Blog d'un jeune social-démocrate ouvert sur le monde

Blog d'un social-démocrate vivant à Paris.

03 novembre 2008

L'histoire économique des Etats-Unis vue par Paul Krugman

Comme je vous l'avais annoncé il y a peu, voici l'histoire économique par Paul Krugman, prix nobel d'économie, véritable opposant à George W. Bush et aux Conservateurs. Paul Krugman ne se cache pas d'être Démocrate. Néo-keynesien élevé à l'école des échanges inégaux entre le Sud et le Nord, Krugman n'en est pas moins libre-échangiste.
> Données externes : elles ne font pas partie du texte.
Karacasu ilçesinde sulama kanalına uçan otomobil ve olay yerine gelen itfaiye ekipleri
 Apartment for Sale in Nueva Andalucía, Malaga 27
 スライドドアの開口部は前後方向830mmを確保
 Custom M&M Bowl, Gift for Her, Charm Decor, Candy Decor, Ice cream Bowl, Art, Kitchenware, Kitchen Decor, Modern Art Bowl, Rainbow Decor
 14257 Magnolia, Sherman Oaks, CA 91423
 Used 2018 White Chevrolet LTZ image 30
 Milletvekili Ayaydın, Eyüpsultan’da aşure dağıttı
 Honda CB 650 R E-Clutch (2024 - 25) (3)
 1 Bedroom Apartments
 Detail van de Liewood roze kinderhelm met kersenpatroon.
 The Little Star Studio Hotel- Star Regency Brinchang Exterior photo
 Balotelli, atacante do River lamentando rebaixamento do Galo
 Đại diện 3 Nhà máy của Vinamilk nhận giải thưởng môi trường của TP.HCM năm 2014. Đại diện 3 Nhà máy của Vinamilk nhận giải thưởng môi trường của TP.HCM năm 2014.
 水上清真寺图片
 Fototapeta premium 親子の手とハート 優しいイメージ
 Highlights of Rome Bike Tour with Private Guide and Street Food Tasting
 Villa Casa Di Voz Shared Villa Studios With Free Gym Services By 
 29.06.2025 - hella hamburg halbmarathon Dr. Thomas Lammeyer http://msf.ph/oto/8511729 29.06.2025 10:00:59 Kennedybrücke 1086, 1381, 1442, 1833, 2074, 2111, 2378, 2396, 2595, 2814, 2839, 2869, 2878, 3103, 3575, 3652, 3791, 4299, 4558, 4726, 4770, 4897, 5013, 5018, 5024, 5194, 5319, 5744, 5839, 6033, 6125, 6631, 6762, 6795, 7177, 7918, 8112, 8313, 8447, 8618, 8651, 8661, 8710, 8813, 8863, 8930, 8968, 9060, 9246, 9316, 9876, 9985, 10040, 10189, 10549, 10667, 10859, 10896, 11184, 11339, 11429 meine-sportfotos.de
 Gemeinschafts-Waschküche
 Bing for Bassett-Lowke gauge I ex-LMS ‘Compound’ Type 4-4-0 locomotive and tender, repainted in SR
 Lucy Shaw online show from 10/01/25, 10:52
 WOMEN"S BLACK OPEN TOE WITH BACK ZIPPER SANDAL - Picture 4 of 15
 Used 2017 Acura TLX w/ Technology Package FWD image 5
Dans le livre, l'Amérique que nous voulons (très mal traduit de l'anglais The conscience of a liberal), Krugman met en exergue 3 périodes judicieuses pour comprendre l'histoire économique américaine. La première est appelé faussement l'Âge d'or où les inégalités n'ont cessé d'augmenter jusqu'à la prise de pouvoir de Franklin Delano Roosevelt qui bascule littéralement l'ordre établi. A l'aide de la crise et de la seconde guerre mondiale s'ouvre une nouvelle ère qui se nomme la Grande Compression en hommage à la compression des inégalités salariale poussée par une taxation forte et des syndicats puissants. Le retour des inégalités qui est la période la plus récente est consécutive à plusieurs effets mécaniques. D'abord, la frange la plus rétrograde et réactionnaire prend les rênes du Parti Républicain et met en place une politique de ségrégation envers les Républicains modérés (moins de financement, mise en concurrence de Républicains dans la ligne...) ce qui fait que les Républicains modérés sont éjectés des sphères du pouvoir. Ca induit un clivage fort entre les Démocrates et les Républicains qui avaient cogéré durant les années 50 à 70 (en gros). Les Républicains, de Reagan à Bush et Bush Jr., mettent en place des lois visant à détruire le système de répartition du Welfare State, à abaisser les impôts des plus importants contributeurs (et aussi financiers des groupes de réflexion républicains), à casser les syndicats et à utiliser le racisme envers les noirs pour asseoir la popularité des Républicains dans les Etats du Sud pauvres et racistes.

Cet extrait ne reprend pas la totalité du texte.